Though people do believe their pets can communicate with them in a variety of unexpected ways. As I learned over Memorial Day weekend, visiting the Naperville home of some longtime friends. In their kitchen, my attention was snagged by four brightly colored hexagons arranged on the floor by the refrigerator, each containing six buttons that, when pressed, utter a recorded phrase in the owner's voice, like "Play!" and "Cat box — stinky" and "Oops, I puked."
I demanded: Does your cat really communicate with you through these buttons? They assured me the cat did. Nor are they alone in this belief.
"Social media is filled with videos showing dogs, cats and parrots learning the meaning of dozens of buttons and pressing them to 'talk' with their people," Robyn Schelenz writes in "Can our pets really say ‘I love you’? Science is finding out" on the University of California web page. "And a few of these chatty animals have become minor celebrities as they seemingly converse, not just about food and walks, but about more complex concepts like love, strangers and time, opening a window, potentially, into what our pets are thinking."
Schelenz turns out to be, not a researcher, but with the school's marketing department. Ah.
Her story does bring up Clever Hans, the famous performing horse that was supposedly communicating, doing math problems and such by clomping its hoof, when it was really being subtly directed by its owner. The possibility exists that owners eager to be in closer communication with their beloved pets are misinterpreting random presses. Cat boxes are generally stinky.
Schelenz cites a study being done by the Comparative Cognition Lab at the University of California's Animal Communication Project.

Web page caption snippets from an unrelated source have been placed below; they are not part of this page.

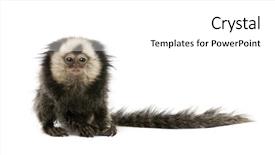  Presentation with old butcher shop - Theme having baby monkey - young white-headed marmoset callithrix geoffroyi background and a white colored foreground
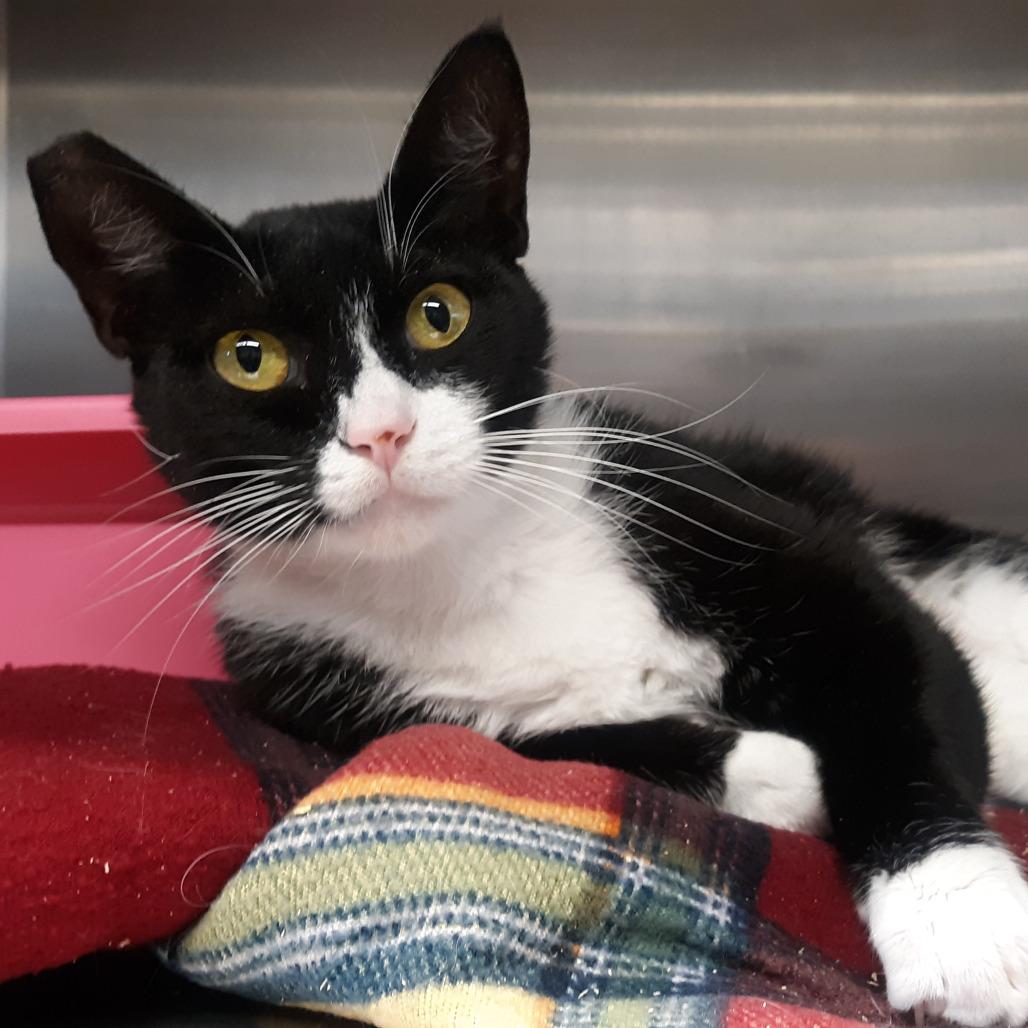 Enlarge Girl, a Adoptable Domestic Short Hair in Spokane, WA image 3/4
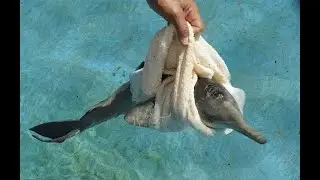 Раненый детёныш дельфина потерял маму и погибал #animals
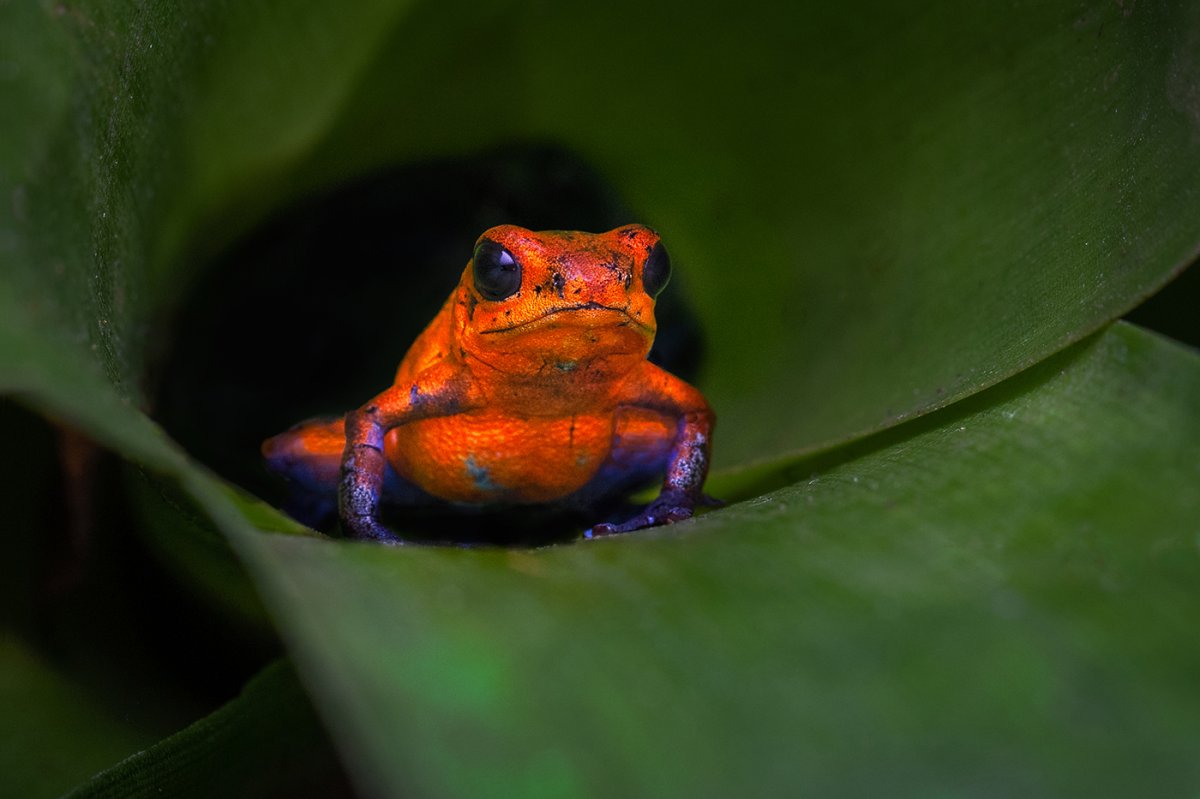 Strawberry Poison Dart Frog.jpg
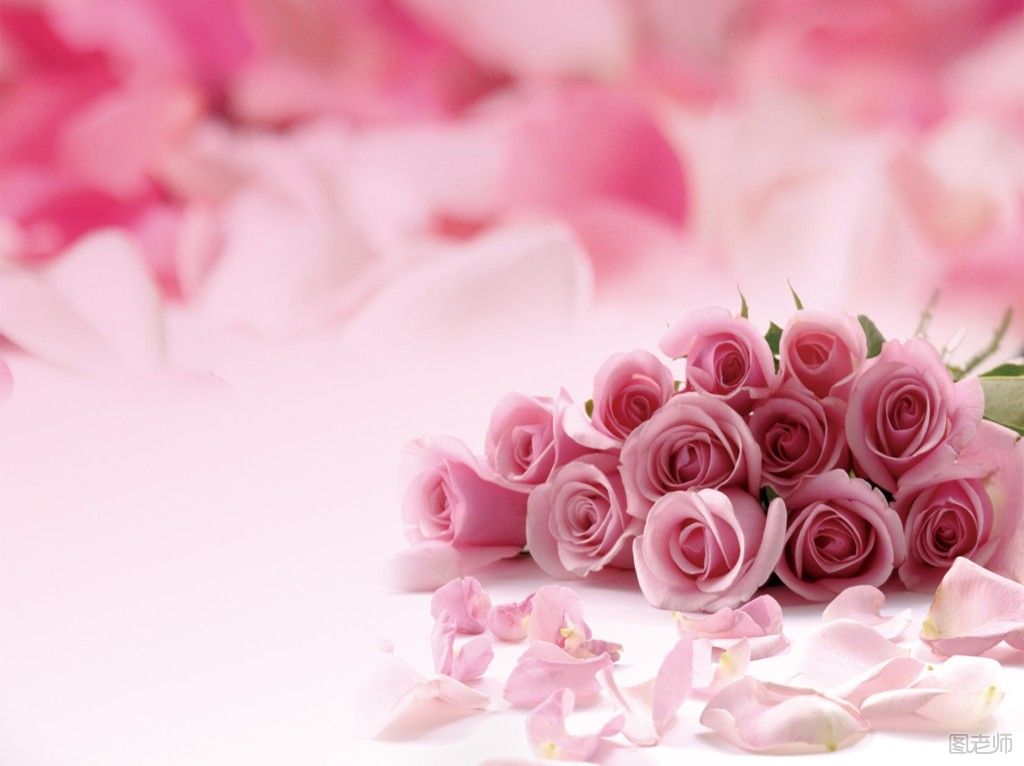 情人节送花不出错 十二星座女送什么玫瑰花最好 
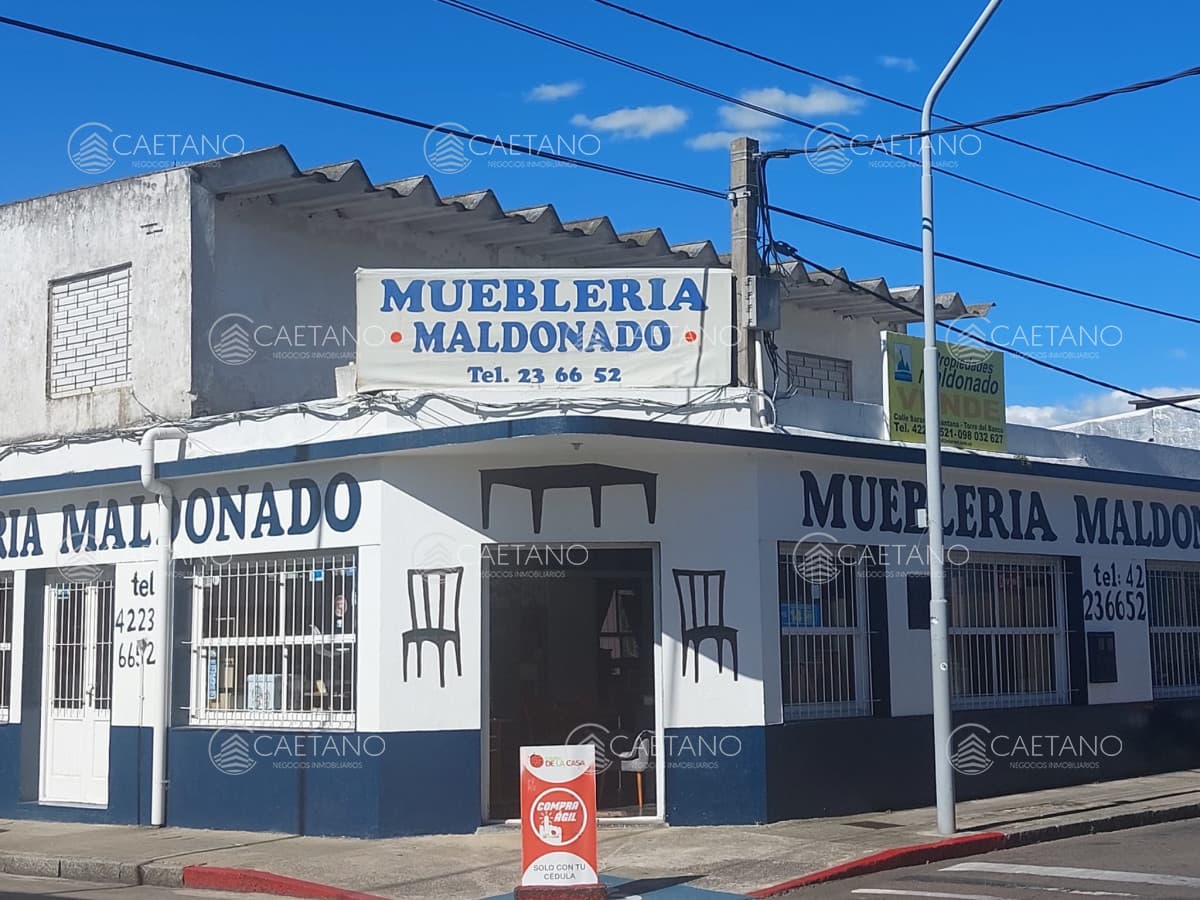 VENTA ESTABLECIMIENTO COMERCIAL — foto 2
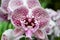 Close up of orchid flowers in famous Singapore Botanical Garden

"The use of soundboards has the potential to be a powerful tool through which dogs, cats, and other domestic animals might be able to communicate their needs, wants, and internal states to their owners," the project explains, in a post looking for volunteers for a broad national study. "The potential welfare impacts of this technology are powerful: if pets can tell their owners when they feel ill, for example, they might be taken to the vet sooner and treated before their condition becomes severe."
So the jury is out, as far as I'm concerned. I'm sure it's been brought up before. But do we really want to know what our pets are thinking? Most cats seem to be trying to tell their owners — and generally succeeding, if demeanor is any indication — "Hey, you suck!"
Maybe when Kitty delivers her morning whine, what she means to say is, "There is no God!" but I, misreading her intent, take her outside and, being there, she does her business.